In [16]:
import numpy as np

from sklearn.ensemble import GradientBoostingClassifier
from sklearn.metrics import accuracy_score, f1_score, precision_score, recall_score, roc_auc_score
from sklearn.preprocessing import StandardScaler

import torch
from torch_geometric.datasets import CitationFull
from torch_geometric.nn import GCNConv
import torch.nn.functional as F

In [8]:
# Load the dataset
dataset = CitationFull(root='/tmp/Cora', name='Cora')
data = dataset[0]

device = torch.device('cuda' if torch.cuda.is_available() else 'cpu')
data = data.to(device)

Downloading https://github.com/abojchevski/graph2gauss/raw/master/data/cora.npz
Processing...
Done!


In [9]:
# ----------------------------------
# 🌲 Gradient Boosting Classifier
# ----------------------------------

x = data.x.cpu().numpy()
y = data.y.cpu().numpy()

# Manual train/test split (70/30)
np.random.seed(42)
num_nodes = x.shape[0]
indices = np.random.permutation(num_nodes)
split = int(0.7 * num_nodes)
train_idx, test_idx = indices[:split], indices[split:]

scaler = StandardScaler()
x_scaled = scaler.fit_transform(x)

In [10]:
gb = GradientBoostingClassifier(n_estimators=100)
gb.fit(x_scaled[train_idx], y[train_idx])
y_pred = gb.predict(x_scaled[test_idx])
gb_acc = accuracy_score(y[test_idx], y_pred)
print(f"🌲 Gradient Boosting Accuracy: {gb_acc:.4f}")

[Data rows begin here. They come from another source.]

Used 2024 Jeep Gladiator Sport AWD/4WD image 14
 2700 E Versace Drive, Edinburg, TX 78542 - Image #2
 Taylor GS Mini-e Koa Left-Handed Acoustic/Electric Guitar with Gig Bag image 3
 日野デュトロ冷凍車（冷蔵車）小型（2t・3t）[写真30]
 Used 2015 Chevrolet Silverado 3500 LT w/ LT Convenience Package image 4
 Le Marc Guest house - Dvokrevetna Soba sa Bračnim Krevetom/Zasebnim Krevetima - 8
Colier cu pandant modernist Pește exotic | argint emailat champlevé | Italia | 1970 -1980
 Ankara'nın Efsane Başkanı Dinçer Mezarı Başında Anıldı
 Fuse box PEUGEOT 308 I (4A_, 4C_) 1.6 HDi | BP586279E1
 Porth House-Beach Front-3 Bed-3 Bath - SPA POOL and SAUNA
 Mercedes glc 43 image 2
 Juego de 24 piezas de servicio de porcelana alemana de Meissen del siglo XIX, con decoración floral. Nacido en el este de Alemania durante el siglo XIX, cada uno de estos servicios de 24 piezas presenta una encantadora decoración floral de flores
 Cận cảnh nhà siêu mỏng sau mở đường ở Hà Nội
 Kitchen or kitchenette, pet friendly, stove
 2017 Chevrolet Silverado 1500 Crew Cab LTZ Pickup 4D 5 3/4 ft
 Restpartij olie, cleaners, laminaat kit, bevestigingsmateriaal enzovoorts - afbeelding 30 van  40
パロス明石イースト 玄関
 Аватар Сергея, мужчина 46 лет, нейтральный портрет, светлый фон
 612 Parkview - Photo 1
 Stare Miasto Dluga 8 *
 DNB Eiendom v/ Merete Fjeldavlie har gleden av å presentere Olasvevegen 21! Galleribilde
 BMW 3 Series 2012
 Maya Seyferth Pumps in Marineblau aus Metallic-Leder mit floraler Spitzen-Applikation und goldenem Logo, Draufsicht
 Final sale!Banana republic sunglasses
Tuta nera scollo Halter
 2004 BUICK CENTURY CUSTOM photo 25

🌲 Gradient Boosting Accuracy: 0.5428


In [None]:
f1_score(y[test_idx], y_pred, average='weighted')

0.541897049759113

In [17]:
precision_score(y[test_idx], y_pred, average='weighted')

0.5543566689413483

In [18]:
recall_score(y[test_idx], y_pred, average='weighted')

0.5427753452340855

In [20]:
roc_auc_score(y[test_idx], gb.predict_proba(x_scaled[test_idx]), average='weighted', multi_class='ovr')

np.float64(0.9037628278450435)

In [11]:
# ----------------------------------
# 🧠 Graph Convolutional Network
# ----------------------------------

class GCN(torch.nn.Module):
    def __init__(self, in_channels, hidden_channels, out_channels):
        super().__init__()
        self.conv1 = GCNConv(in_channels, hidden_channels)
        self.conv2 = GCNConv(hidden_channels, out_channels)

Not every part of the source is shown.